The emperor of all colours

As the sun melts the city into a blazing hot yellow, we explore some of the world-famous paintings done in this hue by several artists.
The emperor of all colours

HYDERABAD: “The sound of colours is so definite that it would be hard to find anyone who would express bright yellow with base notes, or dark lake with the treble,” said famous artist Wassily Kandinsky. It’s noteworthy that he talks about the refulgent of all colours – yellow that is. But why yellow?

What is it about this bright hue that has enchanted both the artists and the art aficionados for centuries? Well, by the time 19th century ended, if one colour represented depravity it was yellow symbolising demi monde in Europe and related subjects.
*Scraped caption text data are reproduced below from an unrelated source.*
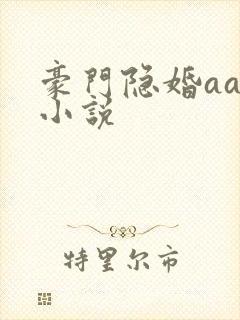 豪门隐婚aa制小说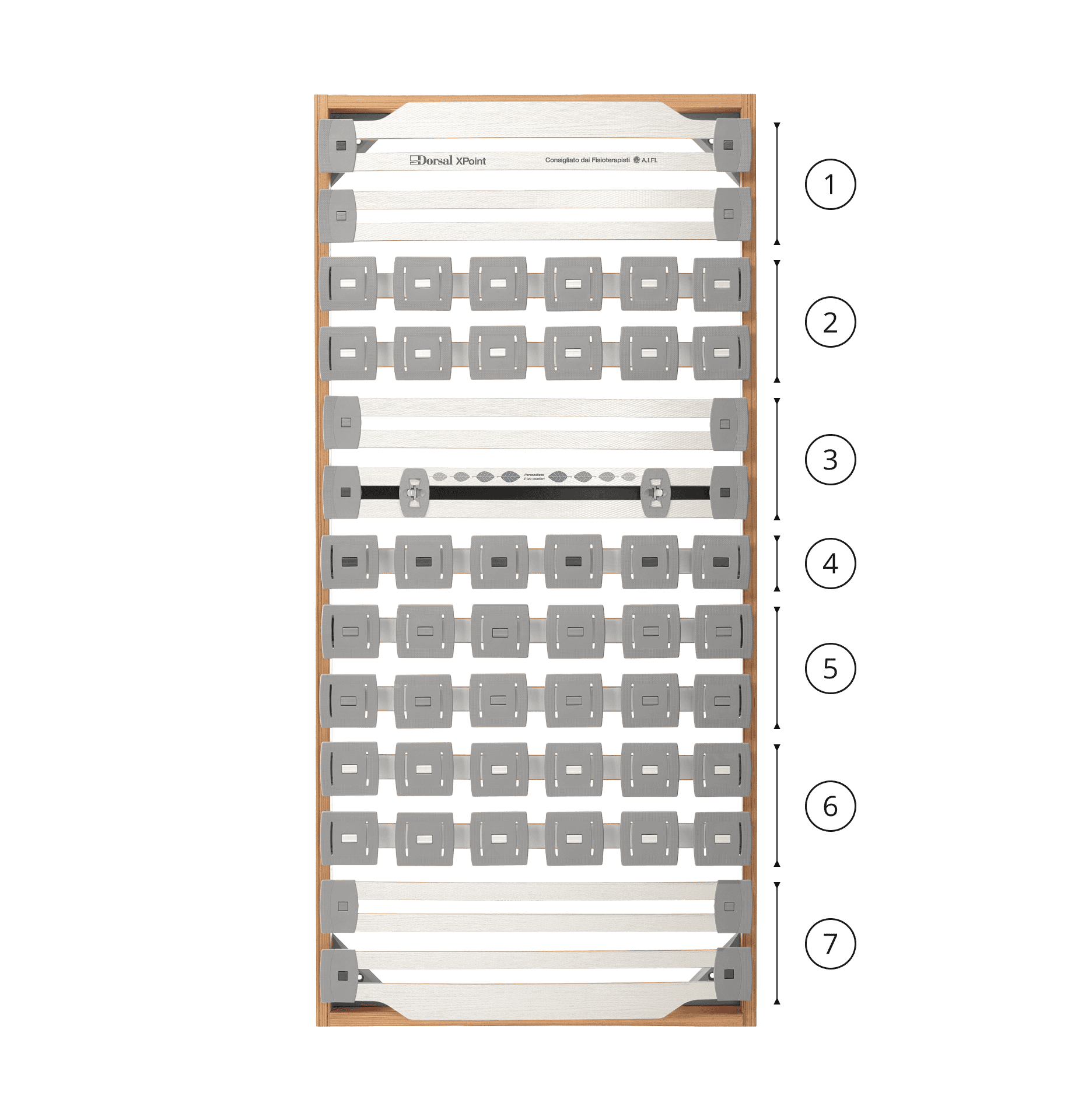Struttura letto Dorsal XPoint con supporti elastici grigi, listelli di legno curvati e sette sezioni numerate ai lati.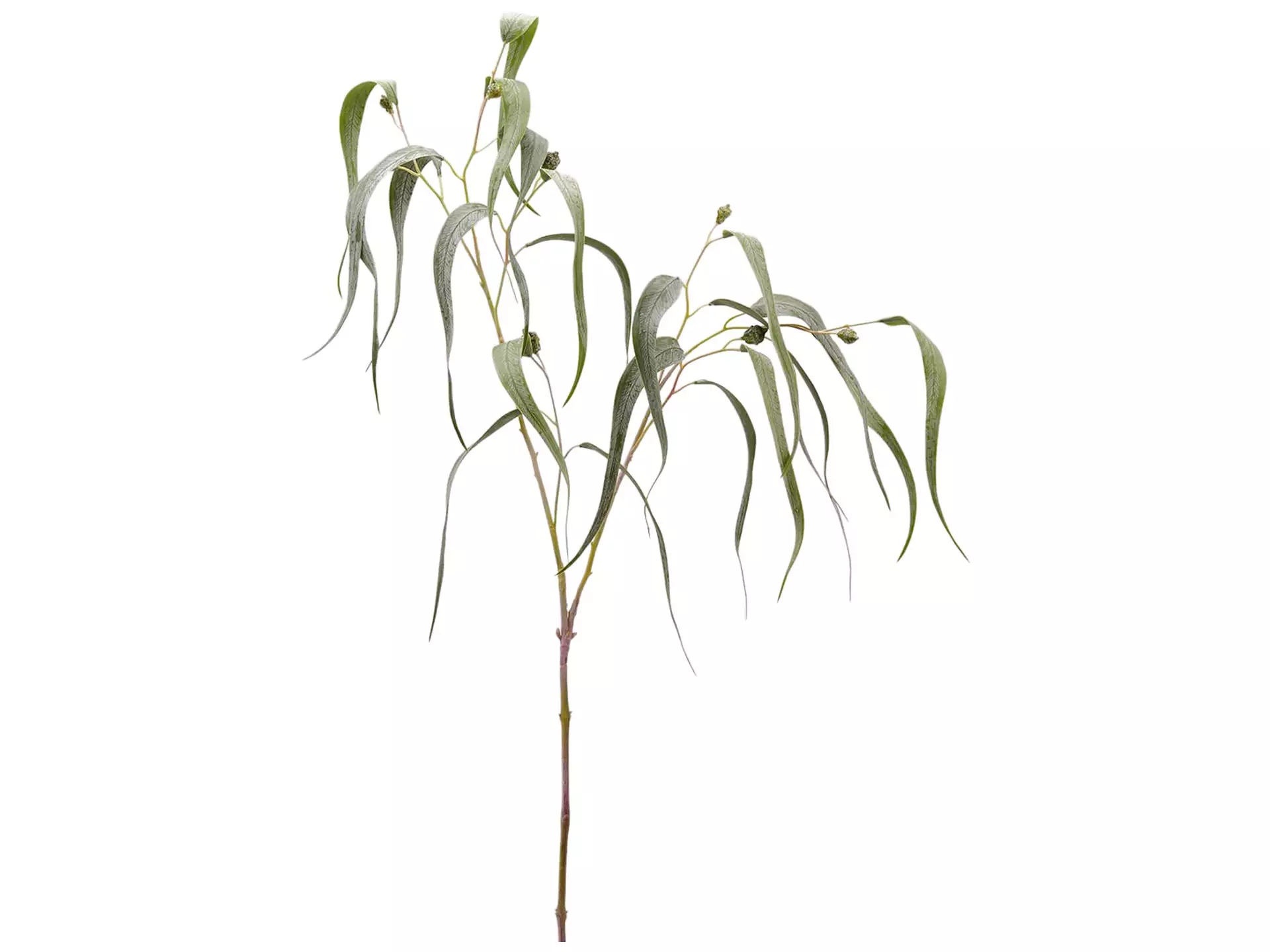 Kunstblume Eucalypthus H: 115 cm Edg
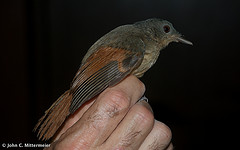 Philentoma pyrhoptera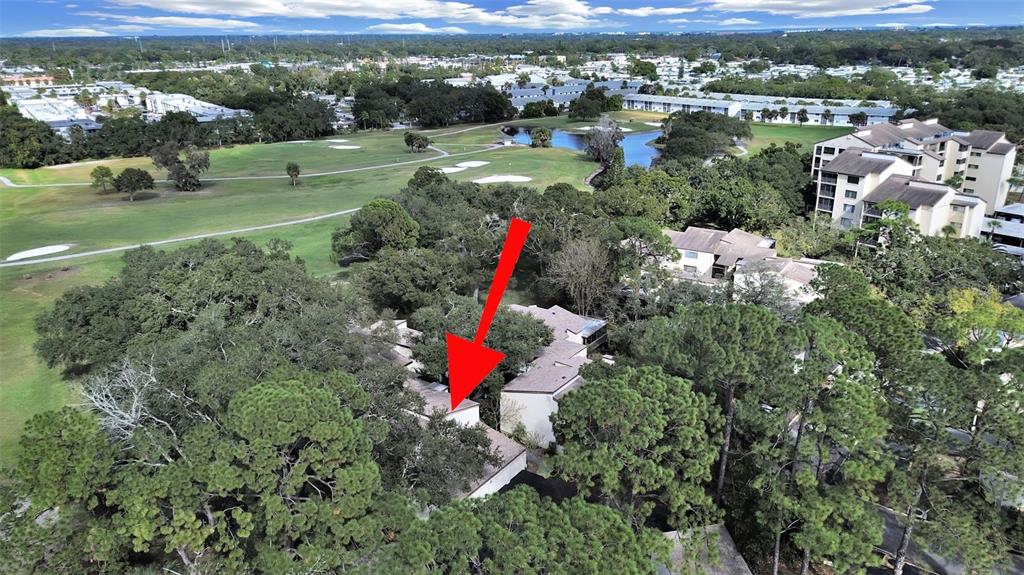 700 Starkey Road, Unit 511 Largo, FL 33771 - Photo 25 of 27 an aerial view of a houses with a yard and lake view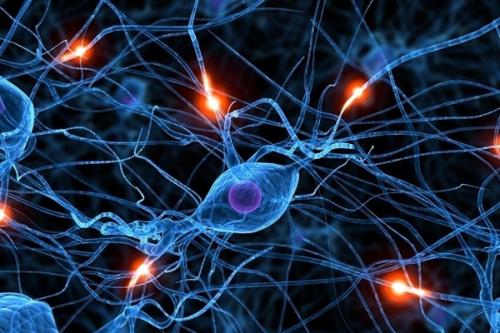 突触的守护者 科学家们确定了神经支持细胞的新角色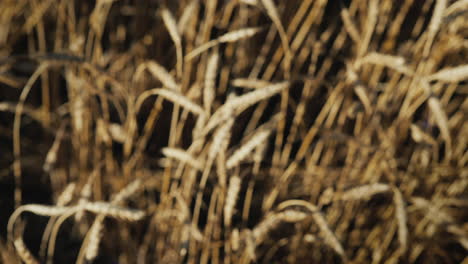 hands with glasses of beer clink glasses in a wheat field 3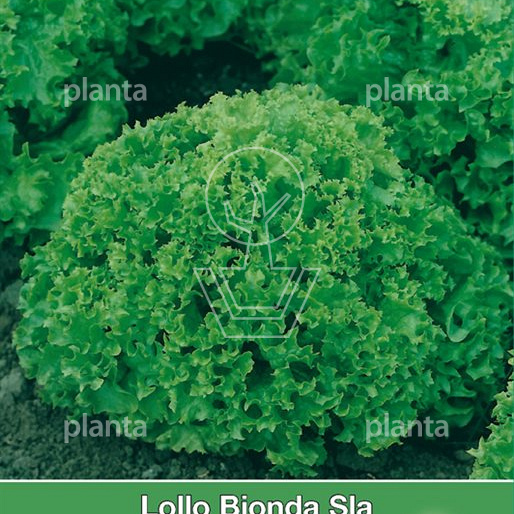 Lollo Bionda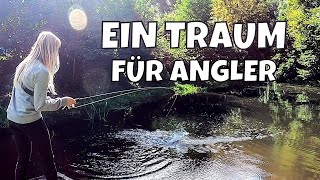 Privater Forellenteich  50 Lachsforellen mit Spin Mad und Wurm  Angelteiche erklärt  Vlog 92 [upl. by Hoes195]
It’s only later that a lot of artists chose to focus on the colour itself rather than what brush strokes dipped in yellow brought onto the canvas. 


Even way back in 15th century artists like Pieter Bruegel painted an opus like ‘Harvesters’ focussing on the hay festival showing wind-bent golden wheat crops lying abundantly while some of the workers rest around the adjoining trees.

The paintings on hay are part of a series of six works that define seasons of the year. Antwerp merchant Niclaes Jongelinck had commissioned it from the Flemish artist.

He lived at the rise of Renaissance and it’s clear the painting is bereft of any religious subject which means he’s defying what others bowed to.

It’s only incidental that the colour he chose to paint his work with is yellow. In its full brightness the colour announces the arrival of newness both in approach and thinking.


Who painted the colour better than Vincent Van Gogh in the work ‘Vase with Fifteen Sunflowers’? Or the ripe fields. Even when he died in the year 1890, several flowers, including sunflowers were kept near his death-bed.  Even the house where the artist lived along with the Post Impressionist  artist Paul Gaugin he painted a lot of sunflower paintings working day and night on his opuses till the sunflowers wilted. He even painted the yellow house, in southern France, under a clear-blue sky. 

But it was Gustav Klimt, the Austrian artist, who made yellow an eternal colour with his portraits of a lady and the famous painting ‘The Kiss’. Interestingly, the artist used a lot of gold leaves and oil paint to give that glowing layer to his paintings that seem to glitter from within the layers of paints.